MittelalterEinst glänzte Mali im Überfluss der Macht

Mali droht als Staat zu scheitern. Seine Geschichte erzählt hingegen von einem Imperium. Im Mittelalter regierten Könige, die so reich waren wie niemand vor ihnen. von 

Malis friedliche und goldene Zeiten liegen lange zurück. Heute ist der Staat eines der ärmsten Länder der Welt und zersplittert. Frankreichs militärische Hilfe für die Regierung hat Malis Schicksal wieder in die Medien geholt. Malische und französische Truppen kämpfen gegen islamistische Gruppen, die den Norden des einst so mächtigen Landes kontrollieren. Nur die Griots, Westafrikas singende Geschichtenerzähler, berichten bis heute über eine Ära vor wenigen Jahrhunderten.

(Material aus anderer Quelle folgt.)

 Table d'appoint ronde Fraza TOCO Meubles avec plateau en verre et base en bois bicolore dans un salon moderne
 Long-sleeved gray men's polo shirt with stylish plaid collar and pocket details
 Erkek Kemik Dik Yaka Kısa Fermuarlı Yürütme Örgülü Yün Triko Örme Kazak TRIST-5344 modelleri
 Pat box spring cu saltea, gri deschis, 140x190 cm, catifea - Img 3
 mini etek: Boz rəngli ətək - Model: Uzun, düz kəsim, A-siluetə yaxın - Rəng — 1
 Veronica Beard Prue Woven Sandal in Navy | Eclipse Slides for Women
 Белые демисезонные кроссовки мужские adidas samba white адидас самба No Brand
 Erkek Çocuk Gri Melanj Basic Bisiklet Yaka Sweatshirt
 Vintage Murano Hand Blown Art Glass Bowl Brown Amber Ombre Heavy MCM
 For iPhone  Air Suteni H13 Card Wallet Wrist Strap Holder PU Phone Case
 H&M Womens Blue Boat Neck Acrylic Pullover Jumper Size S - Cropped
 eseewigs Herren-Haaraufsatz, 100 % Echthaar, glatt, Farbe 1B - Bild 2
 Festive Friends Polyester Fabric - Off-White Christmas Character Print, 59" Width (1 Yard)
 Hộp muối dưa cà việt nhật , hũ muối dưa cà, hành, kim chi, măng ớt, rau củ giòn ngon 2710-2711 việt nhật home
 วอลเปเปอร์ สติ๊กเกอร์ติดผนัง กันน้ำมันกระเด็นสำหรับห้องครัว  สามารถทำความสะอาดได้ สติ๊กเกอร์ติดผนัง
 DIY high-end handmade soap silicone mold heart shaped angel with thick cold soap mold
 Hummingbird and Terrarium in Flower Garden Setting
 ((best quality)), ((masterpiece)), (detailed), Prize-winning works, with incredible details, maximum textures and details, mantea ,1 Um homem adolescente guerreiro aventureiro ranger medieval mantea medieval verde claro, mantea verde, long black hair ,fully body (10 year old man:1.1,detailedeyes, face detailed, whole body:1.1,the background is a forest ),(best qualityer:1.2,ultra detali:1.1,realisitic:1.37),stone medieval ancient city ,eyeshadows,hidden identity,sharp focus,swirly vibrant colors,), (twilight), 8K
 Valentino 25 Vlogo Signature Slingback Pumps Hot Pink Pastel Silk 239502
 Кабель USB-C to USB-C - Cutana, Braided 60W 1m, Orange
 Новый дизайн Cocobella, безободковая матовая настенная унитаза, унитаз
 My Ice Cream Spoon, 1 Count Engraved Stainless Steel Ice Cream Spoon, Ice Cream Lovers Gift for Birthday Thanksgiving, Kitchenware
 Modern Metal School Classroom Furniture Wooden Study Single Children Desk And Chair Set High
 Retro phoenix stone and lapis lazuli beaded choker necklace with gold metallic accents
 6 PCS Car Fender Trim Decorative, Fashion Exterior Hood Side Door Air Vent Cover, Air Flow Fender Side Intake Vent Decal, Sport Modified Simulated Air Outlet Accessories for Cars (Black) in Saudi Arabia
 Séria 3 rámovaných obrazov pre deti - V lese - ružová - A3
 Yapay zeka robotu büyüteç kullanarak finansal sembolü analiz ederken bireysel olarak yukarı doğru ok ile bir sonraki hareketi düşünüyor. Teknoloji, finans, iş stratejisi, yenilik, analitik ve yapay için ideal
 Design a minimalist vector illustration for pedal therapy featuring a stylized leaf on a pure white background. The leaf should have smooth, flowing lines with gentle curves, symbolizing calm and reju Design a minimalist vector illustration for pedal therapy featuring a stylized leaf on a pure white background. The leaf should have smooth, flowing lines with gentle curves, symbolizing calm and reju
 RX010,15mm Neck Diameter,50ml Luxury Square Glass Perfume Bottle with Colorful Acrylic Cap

Im 13. und 14. Jahrhundert ist Mali Zentrum eines blühenden Imperiums. Sein Einflussgebiet reichte von der Sahara im Norden bis zu den Wäldern im Süden, von der Küste des Atlantiks bis weit in den Osten Afrikas hinein. Nur das Reich der Mongolen ist damals größer. Handel und Kultur entwickeln sich prächtig, moderne Großstädte entstehen, mangels Steinen und Holz aus Lehm gebaut. Die große Moschee von Djenné, bis heute erhalten, ist eines der größten Lehmgebäude der Welt. Die Universität von Timbuktu ist älter als die in Heidelberg.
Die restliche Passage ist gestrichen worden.